The Tax Justice Network created the ranking by assigning a "haven score" based on 20 different criteria.
Both Jersey and Guernsey scored 98 out of a possible 100, putting them "up there with the worst".
The top three are the British Virgin Islands, Bermuda and the Cayman Islands, with Guernsey in 15th place and the Isle of Man in 17th.
A spokesperson for the Government of Jersey said they were "fully compliant" with standards set by "independent global bodies".
Jersey was higher than Guernsey because of a larger volume of foreign direct investment.
A spokesperson for Guernsey's government said the index "lacks credibility" and the island is "part of the solution in the fight against financial crime".
The Tax Justice Network is calling for a shift towards "unitary taxation", which would mean corporations are taxed where they do business rather than where they have headquarters.
John Christensen, a director at the pressure group, said the proposals represented "radical departure", but that he felt there is growing recognition of a need for change.

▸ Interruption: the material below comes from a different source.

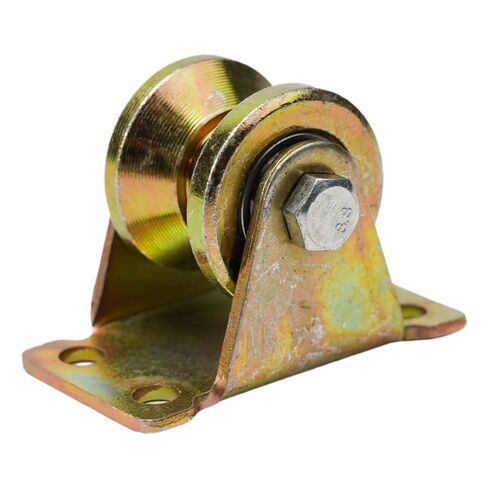 4pcs V Groove Sliding Door Pulley Wheel Heavy Duty Rigid Caster for Inverted Track Sliding Gate Roller Wheel Bearing Rollers in Saudi Arabia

He also said that the Channel Islands must "take account" of the shift as they could be left "high and dry".
The new index contradicts the European Union's removal of the Channel Islands from their tax haven "grey list" in March.
However Mr Christensen said that the EU system was "flawed from the start", and that they would not blacklist it's own members or their dependencies.
An EU Commission spokesperson said that, by international standards, no member state can be described as a tax haven and the criteria for non-EU countries is the same.
Their process had proven to be a "true success", with many jurisdictions adapting to international standards, they added.
A UK government spokesperson described tacking tax avoidance as a "priority" and said they had been at the "forefront of international action".